Ford v. Kelley
Filing
48
ORDER denying 46 Mr. Ford's motion for certificate of appealability; and denying 42 his motion to alter or amend judgment. Signed by Judge Kristine G. Baker on 12/7/2017. (kdr)
IN THE UNITED STATES DISTRICT COURT
EASTERN DISTRICT OF ARKANSAS
PINE BLUFF DIVISION
DAMIEN FORD
ADC #143035
v.
PETITIONER
Case No. 5:16-cv-00291-KGB/JJV
WENDY KELLEY, Director,
Arkansas Department of Correction
RESPONDENT
ORDER
Before the Court is a motion for certificate of appealability filed pro se by petitioner
Damien Ford (Dkt. No. 46). Mr. Ford simultaneously filed a notice of appeal with his motion for
certificate of appealability (Dkt. No. 45). To the extent this Court retains jurisdiction to consider
his request, see Griggs v. Provident Consumer Discount Co., 459 U.S. 56, 58 (1982), because the
Court by prior Order determined that Mr. Ford did not make a substantial showing of the denial of
a constitutional right and denied a certificate of appealability (Dkt. No. 40), Mr. Ford’s motion for
certificate of appealability is denied. 28 U.S.C. § 2253(c)(1)-(2). Mr. Ford may reassert his motion
for certificate of appealability to the Eighth Circuit. Id.
Also pending is Mr. Ford’s pro se motion to alter or amend judgment (Dkt. No. 42). Mr.
Ford, pursuant to Federal Rule of Civil Procedure 59(e), requests that the Court alter or amend the
judgment entered on June 30, 2017 (Dkt. No. 40). Mr. Ford claims that the Court erred by
concluding that his untimely filed petition for habeas corpus relief did not warrant application of
the doctrine of equitable tolling. Defendant Wendy Kelley has responded in opposition (Dkt. No.
44).
Rule 59(e) motions serve the limited function of correcting “‘manifest errors of law or fact
or to present newly discovered evidence.’” United States v. Metro. St. Louis Sewer Dist., 440 F.3d
930, 933 (8th Cir. 2006) (quoting Hagerman v. Yukon Energy Corp., 839 F.2d 407, 414 (8th Cir.

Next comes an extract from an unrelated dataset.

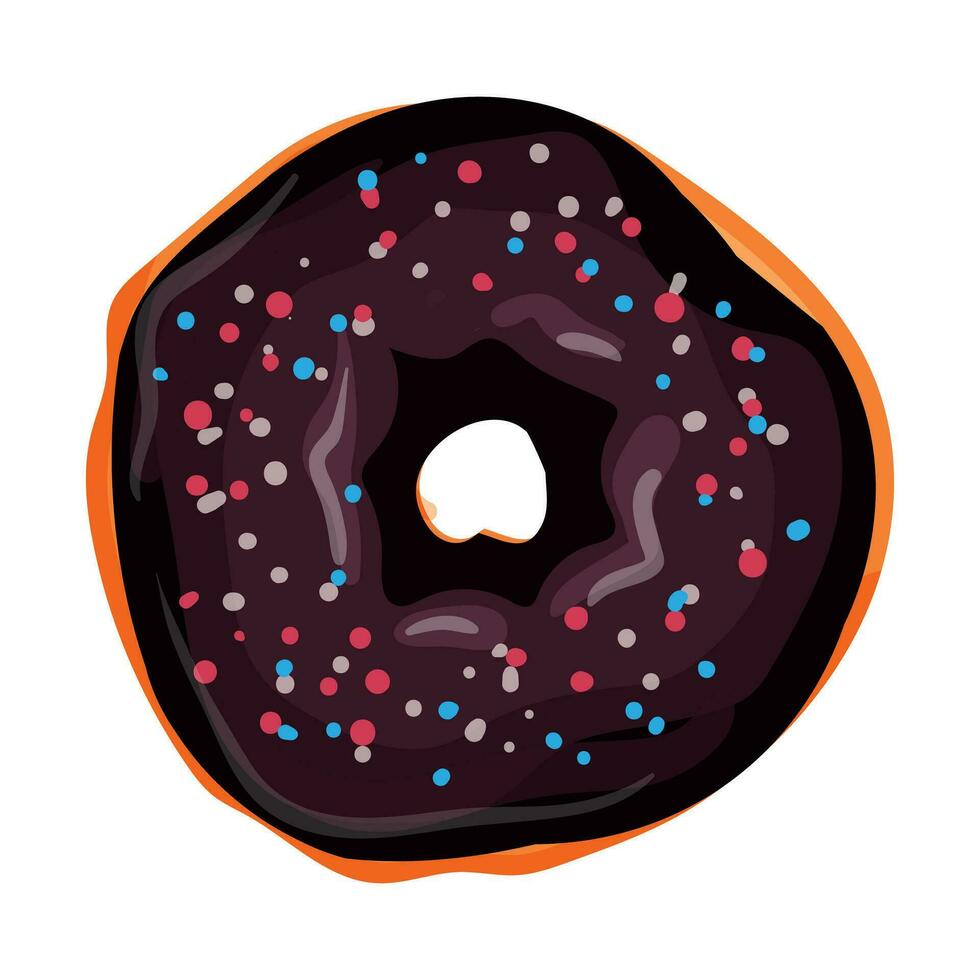 vector ilustración de brillante y apetitoso rosquilla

1988)). “Such motions cannot be used to introduce new evidence, tender new legal theories, or
raise arguments which could have been offered or raised prior to entry of judgment.” Id. The rule
permitting a court to alter or amend a judgment may not be used to relitigate old matters, and the
rule may not be used to raise arguments or present evidence that could have been raised prior to
the entry of judgment. Exxon Shipping Co. v. Baker, 554 U.S. 471, 486 n.5 (2008) (citing Fed. R.
Civ. P. 59(e)).
Mr. Ford’s motion raises many of the same arguments as his original petition. He argues
again that he was unaware of his right to appeal the revocation of his probation and that he
diligently pursued his appeal rights by writing letters to the Office of the Criminal Justice
Coordinator. In response to Mr. Ford’s petition, Director Kelley pointed the Court to a May 16,
2013, letter to Mr. Ford from the Office of the Criminal Justice Coordinator instructing Mr. Ford
on the correct way to file a notice of appeal (Dkt. No. 22, Ex. C). Mr. Ford now contends that,
while he received multiple letters from Sue Newberry at the Office of the Criminal Justice
Coordinator, he never received the May 16, 2013, response letter (Dkt. No. 42, 12-13). Mr. Ford
provides no evidence to support his assertion.
Mr. Ford has failed to satisfy the requirements of Federal Rule of Civil Procedure 59(e).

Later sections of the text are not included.